- PROBLEM REQUIREMENTS -
Apart from the pictures, every line below is to be set down exactly.

···

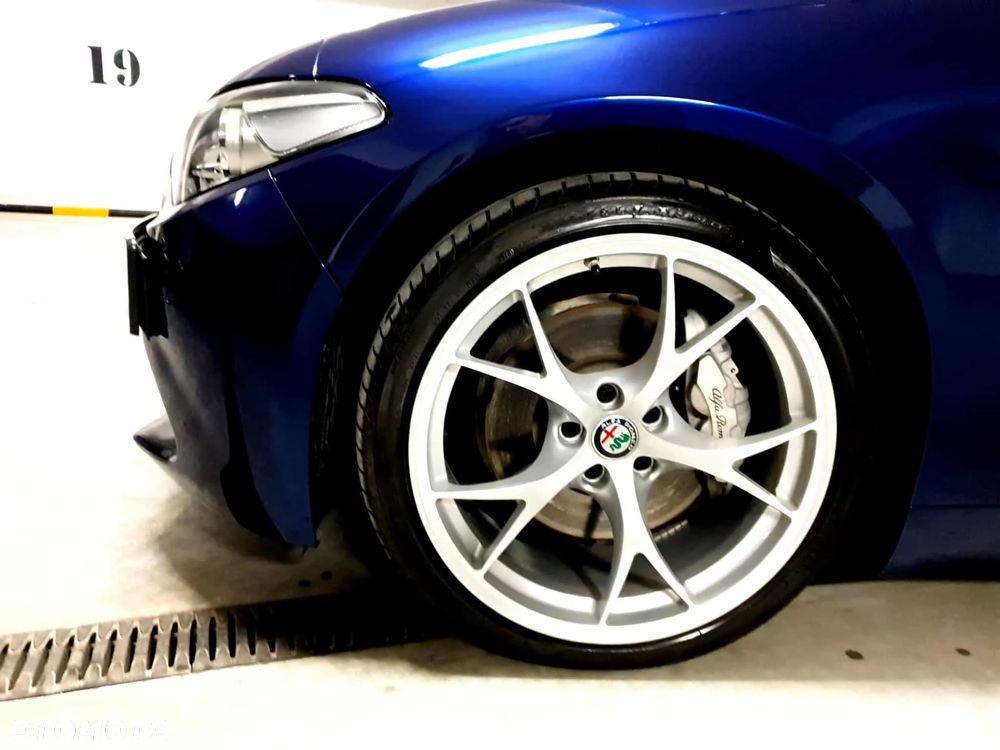 Alfa Romeo Giulia 2.0 Turbo 16V AT8-Q4 Veloce - 8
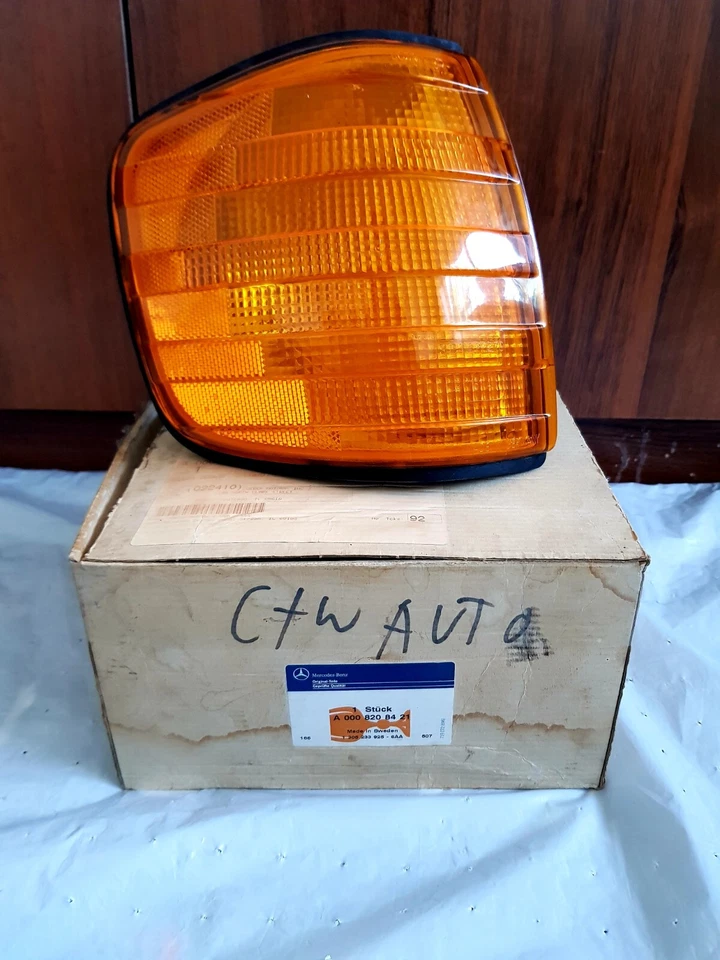 MERCEDES W126 560SEL 420SEL TURN SIGNAL RIGHT BOSCH NEW 1305233925 BOSCH — 第 2/4 张图片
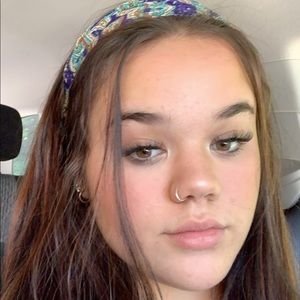 Meet your Posher, Alexis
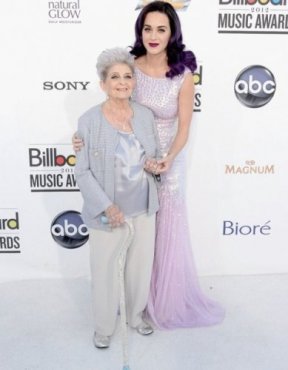 Katy Perry et sa mamie au Billboard Music Awards 2012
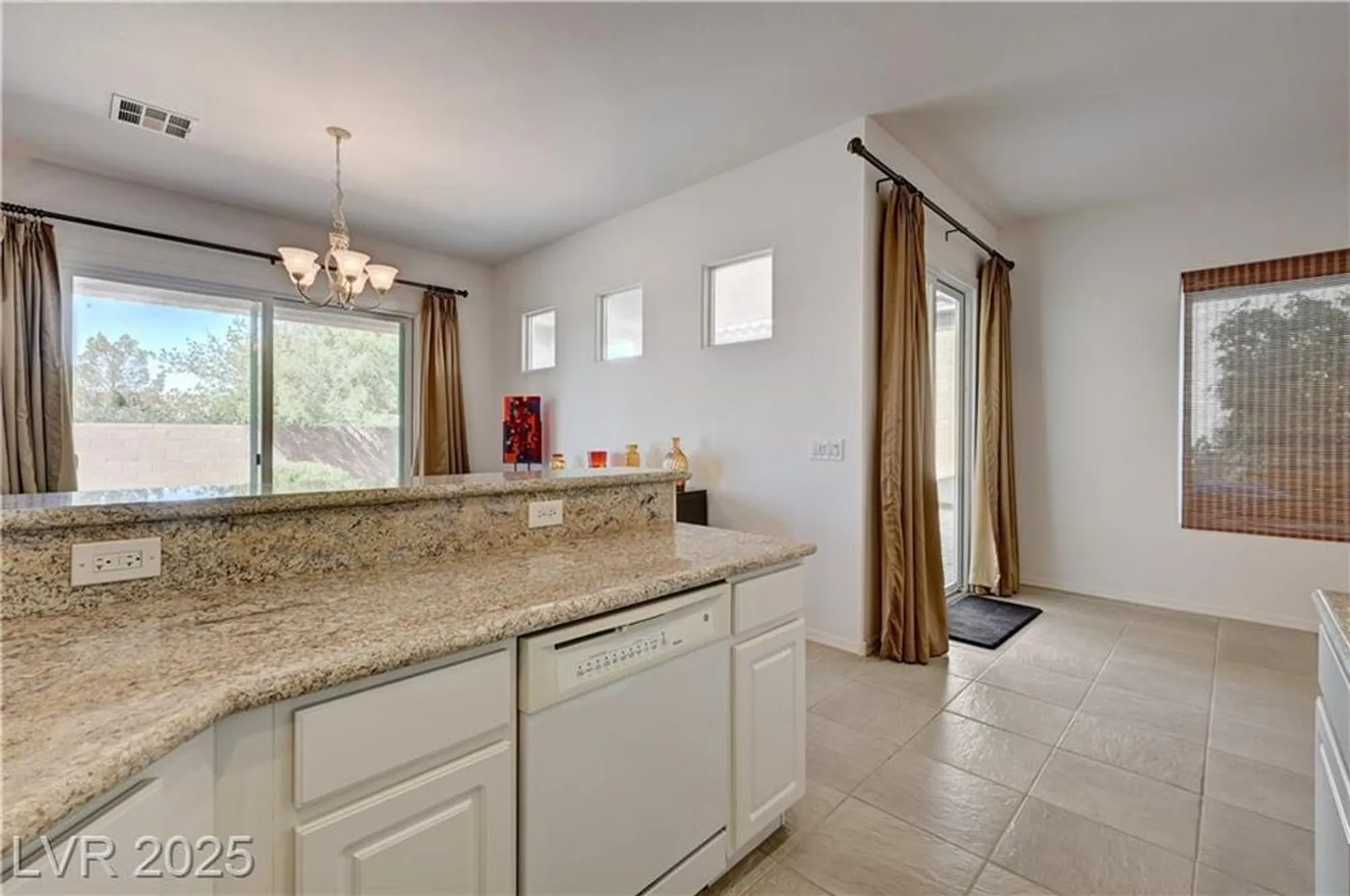Property Slideshow image 20 of 45 | 2183 clearwater lake dr, Henderson, NV, 89044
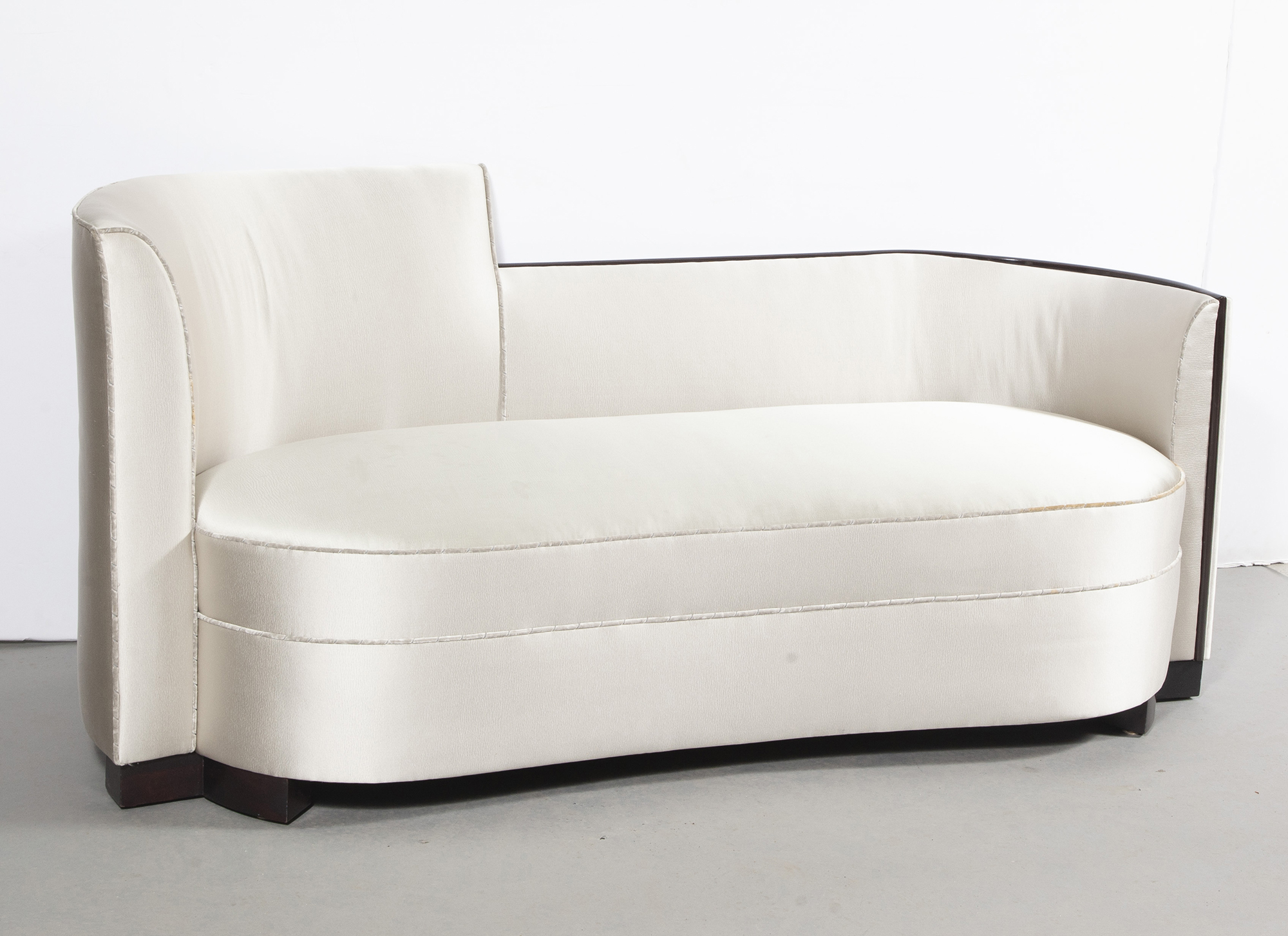 Lot image - Silk Upholstered Chaise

···

- RESULT OF THE TASK -
 Alfa Romeo Giulia 2.0 Turbo 16V AT8-Q4 Veloce - 8
 MERCEDES W126 560SEL 420SEL TURN SIGNAL RIGHT BOSCH NEW 1305233925 BOSCH — 第 2/4 张图片
 Meet your Posher, Alexis
 Katy Perry et sa mamie au Billboard Music Awards 2012
Property Slideshow image 20 of 45 | 2183 clearwater lake dr, Henderson, NV, 89044
 Lot image - Silk Upholstered Chaise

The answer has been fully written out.